Lesions of the posterior alveolus and hard palate have a higher tendency to locally invade the orbital floor and skull base or through various neurovascular bundles (greater palatine foramen, sphenopalatine foramen, palatovaginal canal).

Advanced lesions requiring subtotal or total maxillectomy are approached via facial degloving standard or weber Ferguson and its modifications (figure). In cases of posterior extension to the pterygoid region, formal infratemporal clearance is advised. Lower cheek flap approach [24] and mandibulotomy for maxillectomy approaches have been described [25].

However, when the tumor extends to the medial orbital wall, ethmoids or when there is intracranial extension, Weber–Fergusson and bicoronal incisions may be incorporated with the mandibulotomy approach [25].

Neoadjuvant Chemotherapy

Although mandibular involvement precludes organ preservation strategies, there is a significant subset of patients with tumors in proximity to the mandible, necessitating resection primarily to achieve adequate soft tissue clearance of disease.

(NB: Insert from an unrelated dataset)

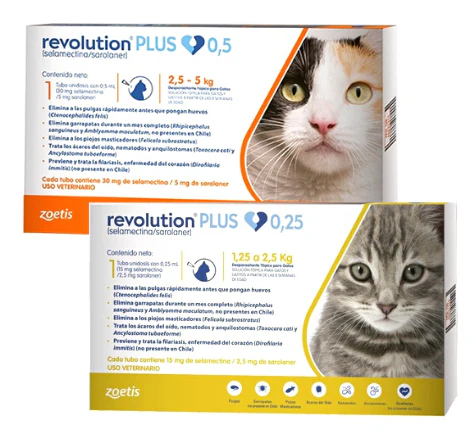 Gatos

Randomized controlled trial by Licitra et al. (2011) showed that NACT in oral cancers increased the chance of resecting a smaller portion of the mandible [2].

The extent of surgical margin in the post-NACT setting is a matter of continuing debate. A nonconcentric tumor shrinkage poses a theoretical possibility of isolated tumor cells being left back while attempting conservative resections, leading to an increased rate of margin positivity or local recurrence [26].

Conclusion

For oral cancer, surgery is still the primary therapeutic option. To establish surgical adequacy, a wide excision with sufficient margins in all three dimensions must be carried out. Adequate margins in the areas of soft tissue, mucosa, and bone must be achieved in all three dimensions. By administering NACT, some tumors that are on the verge of being surgically excised can become surgically excised.